Facebook launches China-only version of Moments photo app
Facebook has launched a photo-editing app exclusively for China.
The app, called Colourful Balloons, was launched in May and is almost identical to the Facebook Moments app. It was spotted by the New York Times this week.
Facebook is working with Chinese app developer Youge Internet Technology.
“We have long said that we are interested in China, and are spending time understanding and learning more about the country in different ways,” a Facebook representative says.
Tuesday, 15 August
Plans stall for Sainsbury’s £130m Nisa takeover
Sainsbury’s has put its £130m takeover of grocery wholesale group Nisa on hold over fears of intervention by competition authorities.
According to the Guardian, the supermarket chain is rattled by the Competition and Markets Authority’s (CMA) ongoing investigation into the proposed £3.7bn merger between Tesco and the grocery wholesaler Booker.
The CMA has already warned that the Tesco Booker merger could potentially damage competition in 350 neighbourhoods, suggesting there would be no clear distinction between chains owned directly by Tesco and the Budgens, Londis and Premier outlets it would become the major supplier to after the Booker takeover.
Despite Sainsbury’s continued interest in Nisa, Guardian sources say the wholesale group has now reopened talks with the Co-op, which had expressed interest in a deal.
The move comes a matter of weeks after supermarket rival Morrisons signed a wholesale supply agreement with McColl’s, the chain that makes up close to 35% of Nisa’s business.
Aldi to launch online delivery in the US
Aldi is to offer same-day delivery in three American cities as it rolls out online shopping in the US. The German discounter is partnering with US grocery delivery startup Instacart to serve customers in Los Angeles, Atlanta and Dallas, as it looks to boost its presence in the US market.
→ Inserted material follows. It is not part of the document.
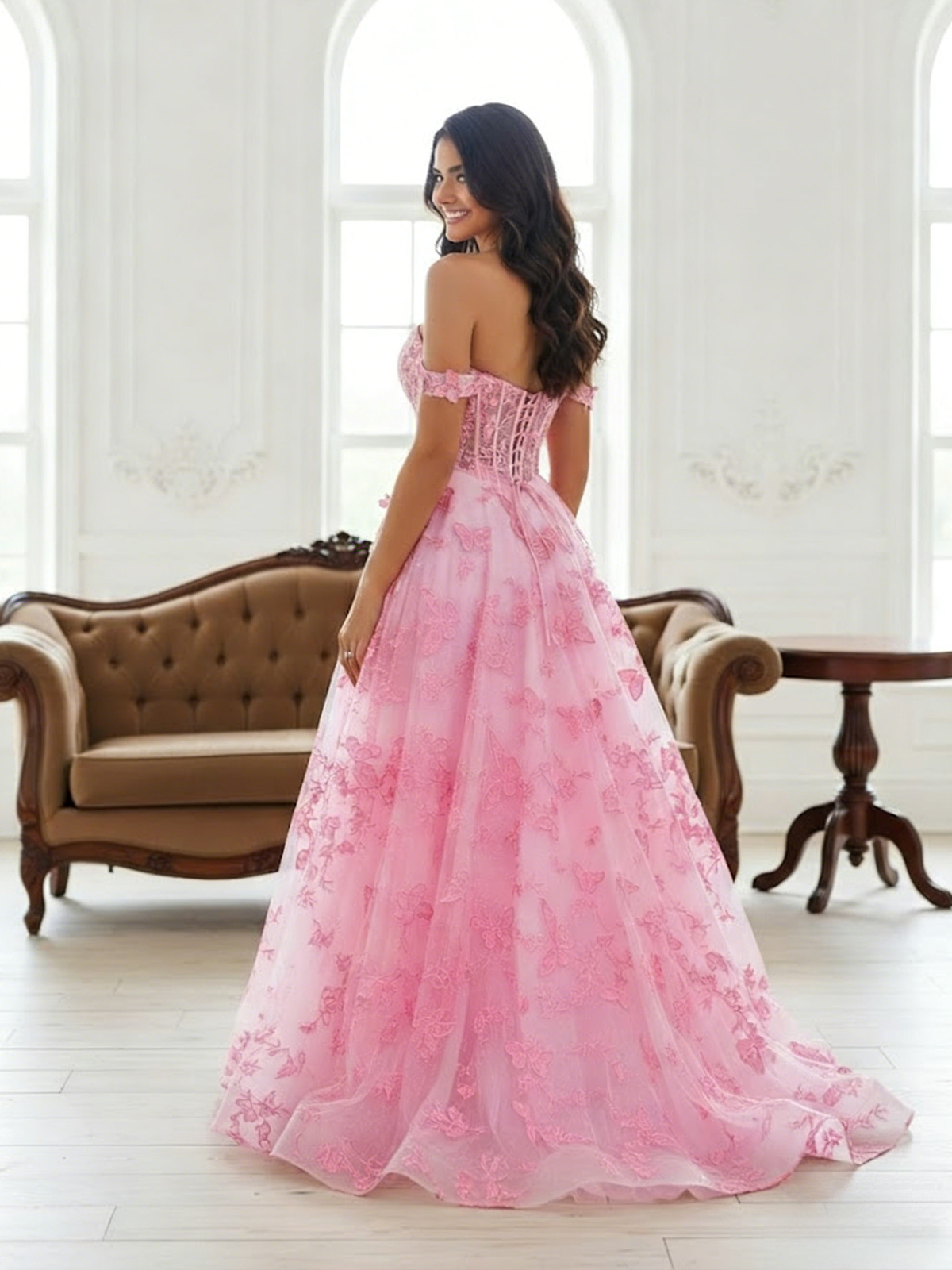 Off Shoulder Appliques Tulle A Line Prom Dresses with Slit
There are no plans to offer a similar service in the UK.
It is thought Aldi had been put under pressure to deliver an online offering following the announcement in June of Amazon’s £10.7bn takeover of upmarket food chain Wholefoods. Instacart had previously been a partner of Wholefoods since 2014.
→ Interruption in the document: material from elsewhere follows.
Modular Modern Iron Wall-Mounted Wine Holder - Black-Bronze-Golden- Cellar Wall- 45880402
The US is a keen area of interest for the German discounter. In February, Aldi announced it would invest more than $3bn in expanding its US store base from 1,600 to 2,500 by 2022.
P&G urges shareholders to resist activist investor
Procter & Gamble (P&G) is urging shareholders to reject a bid by Trian Fund Management CEO Nelson Peltz to join its board. In a sternly worded letter, the US FMCG giant asked shareholders to resist the appointment of the New York hedge fund CEO, whom it called an activist investor looking to “satisfy his own agenda”.
P&G management says: “We believe Mr Peltz initiated the proxy contest to satisfy his own agenda and to meet the expectations of his limited partners. What’s best for P&G right now is balance and focus, with the board and employees continuing a steady commitment to a plan that is working. P&G will not benefit from change for the sake of change.”
P&G argues that the company is now back on track with a successful strategy, which has seen the business streamline its portfolio of brands and categories, implement productivity improvements to fuel sales and simplify its organisational design to drive accountability.
The letter concludes: “Mr Peltz does not bring any new or needed skills to our board. We believe that adding him to the board would derail the very significant value creation progress we are making.”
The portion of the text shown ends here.